A recent example of technology enhancing in-store experience and strengthening one-on-one customer relationship is Hellmann’s idea to print recipes on customers’ receipts. Special software was installed in 100 locations of the supermarket chain St Marche that recognized when a Hellmann’s product was scanned at the checkout. The software then looked at other items customers purchase and immediately printed out a customised recipe on the sales receipt featuring those items.

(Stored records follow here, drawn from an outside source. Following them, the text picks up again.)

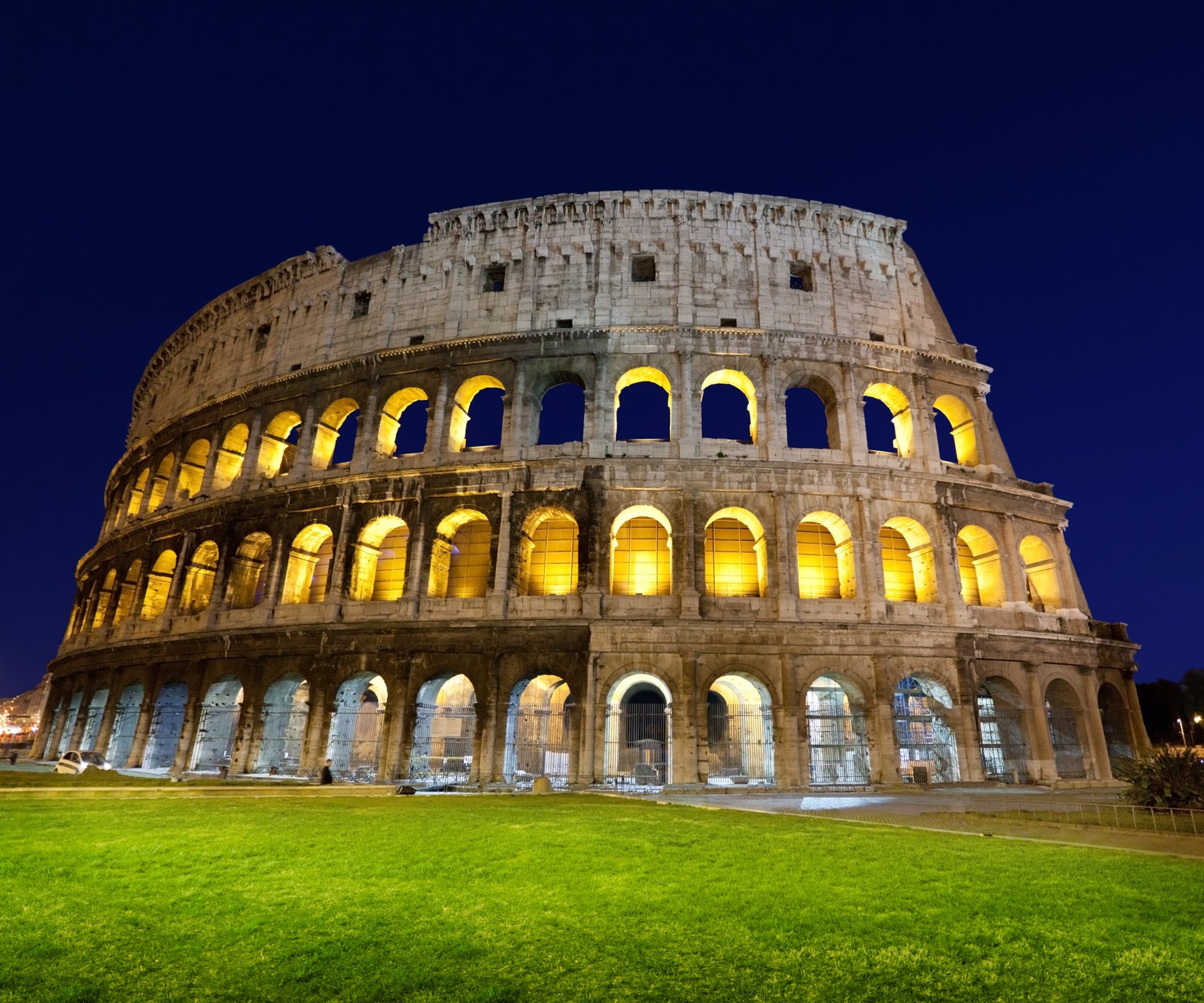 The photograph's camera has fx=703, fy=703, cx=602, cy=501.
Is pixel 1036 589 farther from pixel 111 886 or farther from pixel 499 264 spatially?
pixel 111 886

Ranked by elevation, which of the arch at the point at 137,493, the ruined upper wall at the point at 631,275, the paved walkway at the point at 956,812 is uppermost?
the ruined upper wall at the point at 631,275

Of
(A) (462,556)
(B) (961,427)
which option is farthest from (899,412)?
(A) (462,556)

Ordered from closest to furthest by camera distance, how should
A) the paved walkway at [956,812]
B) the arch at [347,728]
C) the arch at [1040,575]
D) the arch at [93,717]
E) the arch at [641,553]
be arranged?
the paved walkway at [956,812], the arch at [347,728], the arch at [641,553], the arch at [1040,575], the arch at [93,717]

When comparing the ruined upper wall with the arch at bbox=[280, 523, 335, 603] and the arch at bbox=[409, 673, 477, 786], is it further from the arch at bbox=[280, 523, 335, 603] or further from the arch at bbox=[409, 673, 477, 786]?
the arch at bbox=[409, 673, 477, 786]

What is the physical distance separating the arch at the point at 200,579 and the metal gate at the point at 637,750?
1602 cm

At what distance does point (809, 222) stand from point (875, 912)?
942 inches

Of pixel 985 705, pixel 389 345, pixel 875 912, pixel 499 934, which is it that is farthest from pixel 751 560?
pixel 499 934

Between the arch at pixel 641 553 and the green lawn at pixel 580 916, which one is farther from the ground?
the arch at pixel 641 553

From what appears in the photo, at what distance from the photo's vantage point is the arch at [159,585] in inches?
1086

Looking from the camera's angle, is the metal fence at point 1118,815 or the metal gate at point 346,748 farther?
the metal gate at point 346,748

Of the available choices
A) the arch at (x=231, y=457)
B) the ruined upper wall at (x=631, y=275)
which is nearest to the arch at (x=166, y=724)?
the arch at (x=231, y=457)

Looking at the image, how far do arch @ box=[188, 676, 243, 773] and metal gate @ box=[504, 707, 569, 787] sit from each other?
9.35 metres

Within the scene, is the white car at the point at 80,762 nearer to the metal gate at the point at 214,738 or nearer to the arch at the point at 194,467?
the metal gate at the point at 214,738

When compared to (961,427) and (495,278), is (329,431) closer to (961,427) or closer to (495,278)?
(495,278) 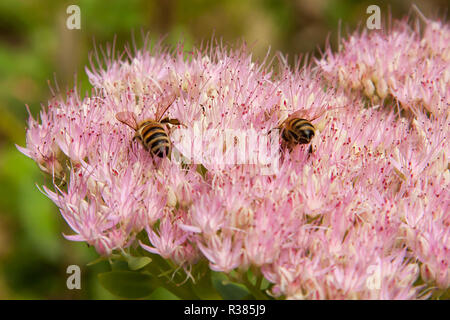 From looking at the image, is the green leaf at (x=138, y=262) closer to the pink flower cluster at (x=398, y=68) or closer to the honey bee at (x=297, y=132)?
the honey bee at (x=297, y=132)

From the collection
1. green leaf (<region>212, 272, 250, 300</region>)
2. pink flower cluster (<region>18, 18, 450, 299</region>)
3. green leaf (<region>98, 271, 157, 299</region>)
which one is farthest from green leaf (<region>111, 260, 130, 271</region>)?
green leaf (<region>212, 272, 250, 300</region>)

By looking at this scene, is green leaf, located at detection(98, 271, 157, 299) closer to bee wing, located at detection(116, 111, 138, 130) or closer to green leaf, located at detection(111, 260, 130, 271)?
green leaf, located at detection(111, 260, 130, 271)

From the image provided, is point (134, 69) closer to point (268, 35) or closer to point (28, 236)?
point (28, 236)

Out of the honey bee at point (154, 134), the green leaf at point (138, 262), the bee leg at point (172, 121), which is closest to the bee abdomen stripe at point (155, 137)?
the honey bee at point (154, 134)

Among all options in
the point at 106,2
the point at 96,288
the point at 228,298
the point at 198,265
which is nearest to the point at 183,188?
the point at 198,265

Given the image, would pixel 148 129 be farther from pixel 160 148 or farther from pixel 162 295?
pixel 162 295

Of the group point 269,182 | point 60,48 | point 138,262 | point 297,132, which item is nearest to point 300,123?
point 297,132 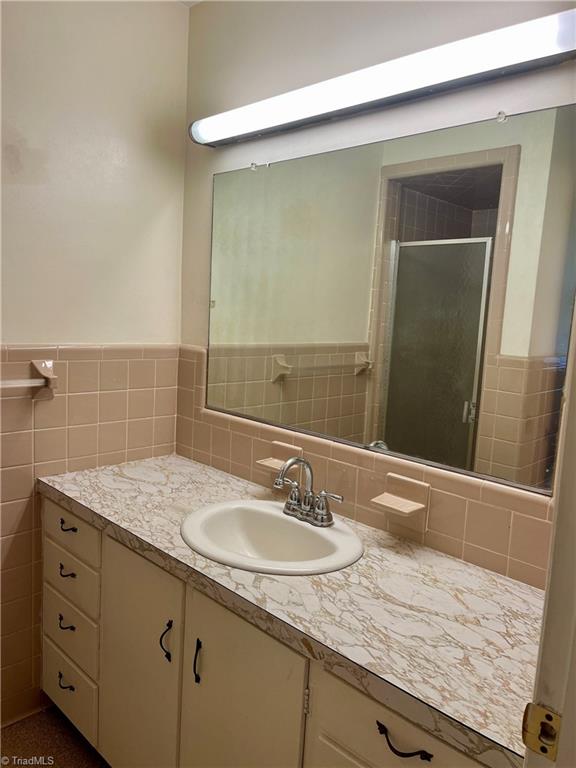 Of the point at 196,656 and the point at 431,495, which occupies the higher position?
the point at 431,495

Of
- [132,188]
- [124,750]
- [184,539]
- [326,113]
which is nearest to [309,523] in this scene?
[184,539]

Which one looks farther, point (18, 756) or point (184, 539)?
point (18, 756)

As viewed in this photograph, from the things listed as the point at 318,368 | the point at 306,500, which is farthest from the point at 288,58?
the point at 306,500

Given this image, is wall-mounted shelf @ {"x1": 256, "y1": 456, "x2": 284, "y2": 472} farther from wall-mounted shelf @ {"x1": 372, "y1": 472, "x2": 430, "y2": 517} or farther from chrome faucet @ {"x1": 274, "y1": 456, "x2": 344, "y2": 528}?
wall-mounted shelf @ {"x1": 372, "y1": 472, "x2": 430, "y2": 517}

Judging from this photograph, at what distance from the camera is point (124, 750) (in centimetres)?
145

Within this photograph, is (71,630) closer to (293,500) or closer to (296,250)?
(293,500)

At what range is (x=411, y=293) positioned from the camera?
1.45m

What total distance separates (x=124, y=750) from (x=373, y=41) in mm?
2031

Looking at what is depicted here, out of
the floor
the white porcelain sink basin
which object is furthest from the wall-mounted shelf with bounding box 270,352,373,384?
the floor

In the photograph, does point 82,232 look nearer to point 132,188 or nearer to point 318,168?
point 132,188

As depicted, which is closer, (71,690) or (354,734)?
(354,734)

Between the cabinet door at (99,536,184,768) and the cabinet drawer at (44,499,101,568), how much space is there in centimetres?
5

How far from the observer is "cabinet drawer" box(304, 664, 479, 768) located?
0.82 meters

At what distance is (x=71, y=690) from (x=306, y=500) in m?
0.96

This and many other examples prove how technology is opening up channels for personalised communications in-store. By placing the shoppers at the center of an idea and using technology to complement their emotional state whilst shopping brands generate the ‘return on involvement’ and grow business in the new age of the shopper at a relatively low cost.

Of course, nothing can replace the emotional benefits of face-to-face personal interaction. However, along with traditional approaches brands and retailers should take a leap of faith and utilize technology and digital tools to their best advantage to engage customers. It would certainly help to create favorable conditions for purchase and standards by which customers judge shopping experiences, retailers and brands. Especially during Dubai Summer Surprises, which is an opportune moment to build a relationship with shoppers who might previously have only visited the store for a particular bargain!